Barrick Gold Corporation 84

Enbridge Inc. 84

TransCanada Corporation 83

Enerplus Corporation 83

Telus Corporation 82

Bank of Nova Scotia 82

Tim Hortons Inc. 80

Emera Inc. 79

Cenovus Energy Inc. 79

Toronto-Dominion Bank 78

Inmet Mining Corporation 78

Nexen Inc. 78

SNC-Lavalin Group Inc. 77

Canadian National Railway Company 77

The 2012 Investor CDP Information Request was sent to the Canada 200 companies on behalf of 655 institutional investors (CDP signatories) representing $78 trillion in assets. 107 of the Canada 200 companies responded, a meagre 54%; however, they represent 79% of the Canada 200 by market capitalization.

Apart from the scoring, 3 key findings of the report, ‘Improving transparency as the foundation for carbon performance’ were:

• Companies are identifying more climate change risks with a direct short-term impact on their business

• Companies prioritize climate change on the corporate agenda, finding more value in emissions reduction initiatives and more opportunity to improve profitability

• Companies improve transparency on climate change issues, but lag on performance criteria

There is plenty of detail in the report, as well as graphics which clearly illustrate the range of responses.
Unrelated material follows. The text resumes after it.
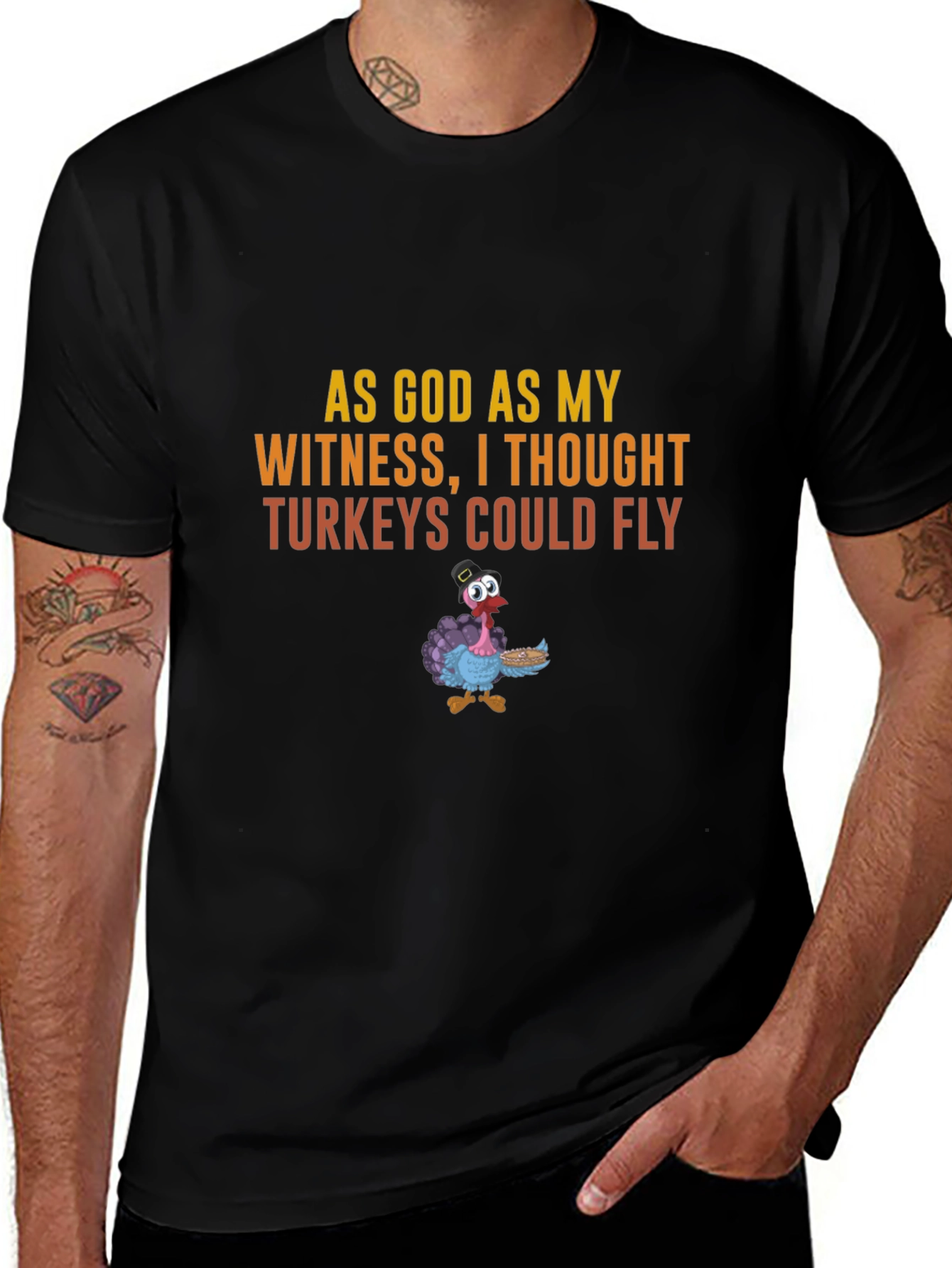 Funny Thanksgiving Turkey Graphic T-Shirt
Accenture, the official writer of the report and CDP’s global implementation partner, has done an excellent job assembling the results and making the information accessible.

There remains a significant gap between the CDLI average and the Canada 200 average. So, while the leaders are improving, it’s not clear that the laggards are catching up. Furthermore, the range of scores for the 2012 CDLI is 77 - 91, while the range of scores for the Global 500 CDLI companies is 94 -100. Canada has a lot of catching up to do!

Tuesday, October 16, 2012

2012 CDP Canada 200 Report launched today

At concurrent events in Toronto and Montreal today the Carbon Disclosure Project (CDP) launched the CDP Canada 200 Climate Change Report 2012.
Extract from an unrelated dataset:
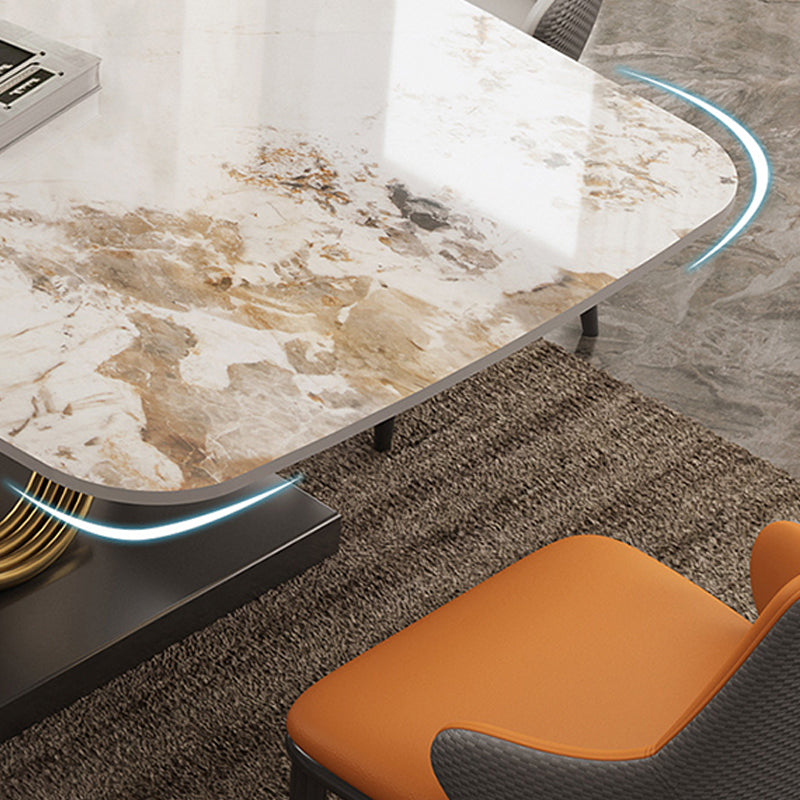 Mesa rectangular de piedra sinterizada de estilo industrial con patas de metal para uso doméstico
A capacity crowd of dark suits enjoyed coffee and snacks provided by Tim Hortons, as Scott Bonikowsky, Vice President, Corporate, Public and Government affairs, Tim Hortons Inc., was the keynote speaker.

The Toronto event began with an introduction by Stephen Donofrio of the CPD, who provided a brief overview of the work of the CPD, that is, to use the power of measurement and information disclosure to improve the management of environmental risk. Having worked on climate change through carbon disclosure for over a decade, the CDP is now addressing water use and beginning next year will be integrating the work of the Forest Footprint Disclosure Project, creating a comprehensive system for reporting on natural capital.

Mr. Bonikowsky then gave us some perspectives on Tim Horton’s sustainability journey, frankly admitting at the start, “We have made considerable strides and progress but we have considerable challenges ahead of us.” Tim’s created a sustainability strategy in 2009, from a starting point of adding value to the business, while recognizing that the company had to mitigate its significant negative environmental impacts. Some of this was driven by the recognition of the ‘relentless push towards increased transparency’ and the surprising number of requests for information on what Tim’s was doing with respect to sustainability and environmental initiatives. When the company released its first GRI report in 2010, it was downloaded 82,000 times, both a testament to the desire for information, and a spur to continue providing it.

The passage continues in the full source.